Work task:
Each line from the one with "Snapshot of daaqnn" through the last line of the material is to be printed exactly; no other line and no picture belongs in the copy.

Exercise materials:
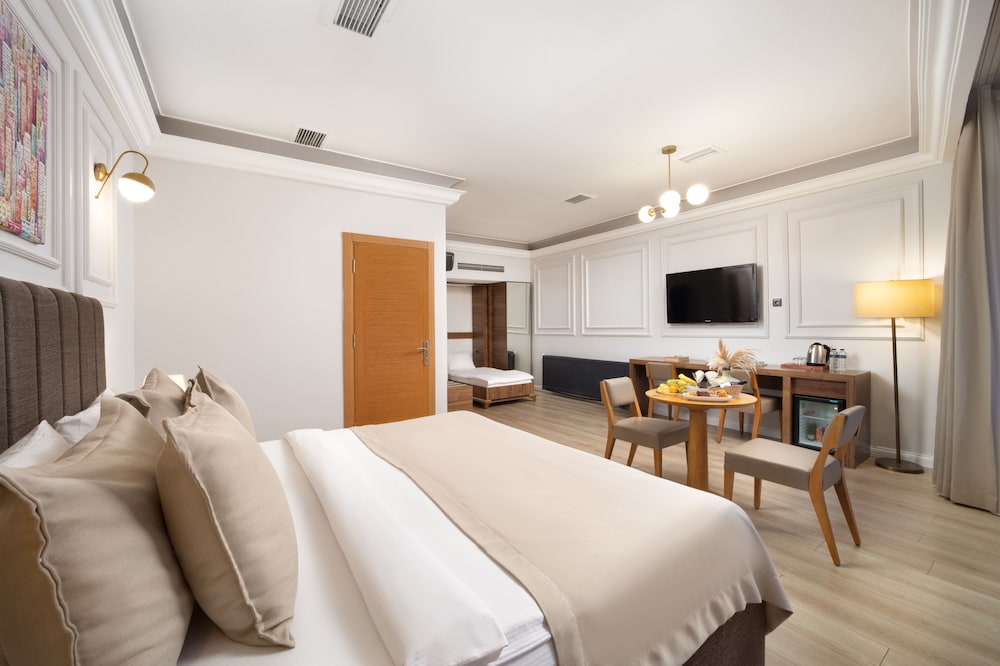 SUPERIOR, SUITE, SEA VIEW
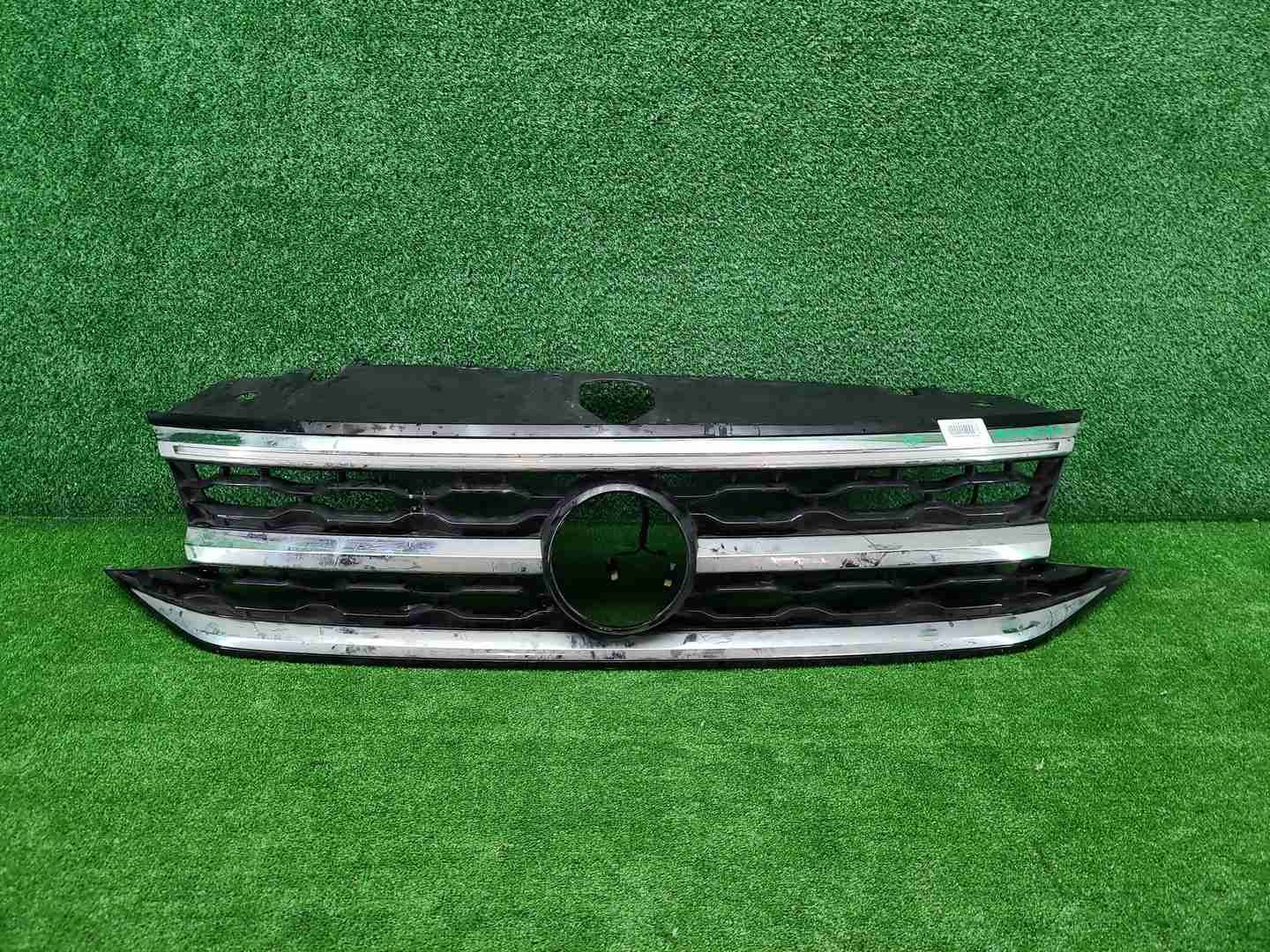 Решетка радиатора VW Talagon (2021-2025)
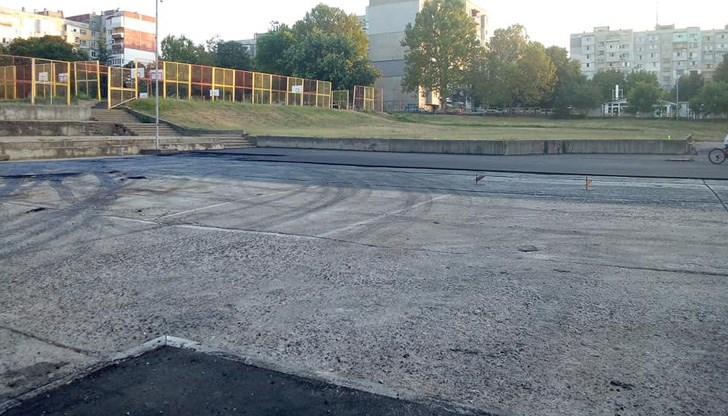 Подменя се настилката, която години наред създава проблеми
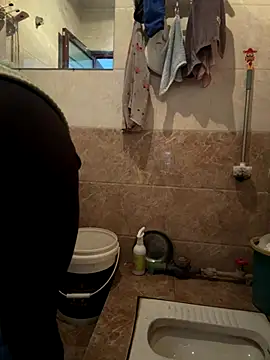 Snapshot of daaqnn chatting on 12.18.25 daaqnn online show from 12.18.25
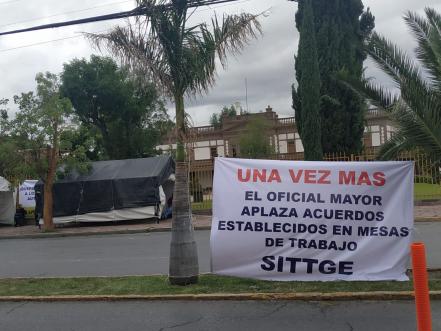 Miembros del SITTGE instalan plantón indefinido en carriles de avenida Carranza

Written answer:
 Snapshot of daaqnn chatting on 12.18.25 daaqnn online show from 12.18.25
 Miembros del SITTGE instalan plantón indefinido en carriles de avenida Carranza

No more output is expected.